Wysiłek sportowy wywołuje wzrost zapotrzebowania komórek na tlen, niezbędny do przeprowadzenia procesów energetycznych. Niedostateczna podaż tlenu wywołuje hipoksję, dokładnie taką z jaką mamy do czynienia znajdując się na dużych wysokościach. Hipoksja jest czynnikiem wyzwalającym wzmożoną produkcję endorfin i tak właśnie tłumaczy się będące jej następstwem stany euforycznego, a nawet omamy i halucynacje. Analogicznie działa alkohol etylowy, który wykazuje zwiększone powinowactwo do tlenu. Tak więc "kradnąc" tlen (więcej o metabolizmie alkoholu w: intymnyproblem-kac.blogspot.com) komórkom nerwowym również aktywuje receptory opioidowe. W ten sposób można wytłumaczyć zarówno charakterystyczne objawy będące wynikiem spożycia napojów alkoholowych (ekscytacja, agresja, nadpobudliwość, depresja, senność), a także ich efekt uzależniający.
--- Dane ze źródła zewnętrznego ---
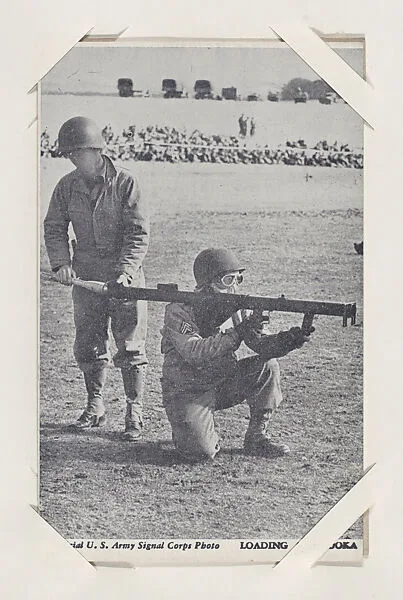 Loading a Bazooka from Military--Official Photos cards (W615) — Unknown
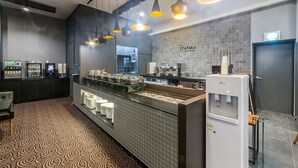 A modern cafe with a counter, coffee machines, and a water dispenser. - Pyeongtaek Stay Hotel (Pyeongtaek)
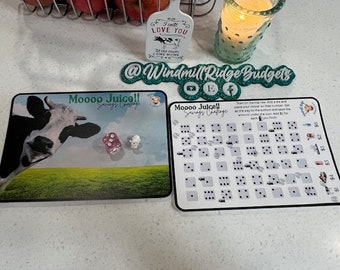 Puede incluir: Un tablero de juego de desafío de ahorro con una ilustración de vaca y el texto "Moooo Juice!! Savings Challenge". El tablero tiene una cuadrícula de cuadrados con números y un dado.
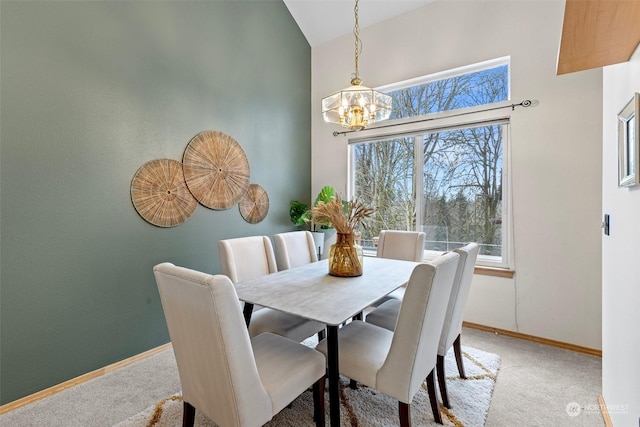 dining area with a chandelier, light carpet, and vaulted ceiling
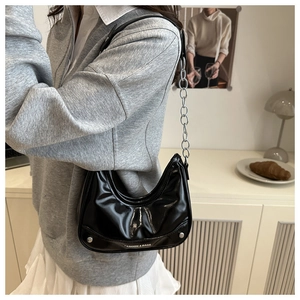 Detail of black glossy half-moon shoulder bag with silver rivets and metal chain strap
Wszystkie wymienione w tabeli powyżej "stymulanty" działające za pośrednictwem układu opioidowego niosą ryzyko wystąpienia tolerancji i uzależnienia. Znane są przecież dobrze przypadki uzależnienia od: alkoholu (alkoholizm), jedzenia (bulimia), seksu (nimfomania), trochę mniej popularne uzależnienie od opalania (tanoreksja), a jak pokazałem powyżej pewnie i od sportu, które to uzależnienie chyba jeszcze nie ma swojego odrębnego określenia. Najlepiej zagrożenie to zobrazuje wynik przeprowadzonego na szczurach laboratoryjnych doświadczenia podczas którego poddawane były one stymulacji elektrycznej, która to zwiększała wyrzut endorfin. Zwierzęta wolały umrzeć z głodu i z pragnienia, niż zrezygnować z gwarantującego osiągnięcie euforii pobudzenia.

Gdzie więc tkwi tajemnica uzyskania harmonii i pozbawionej ryzyka pełni szczęścia?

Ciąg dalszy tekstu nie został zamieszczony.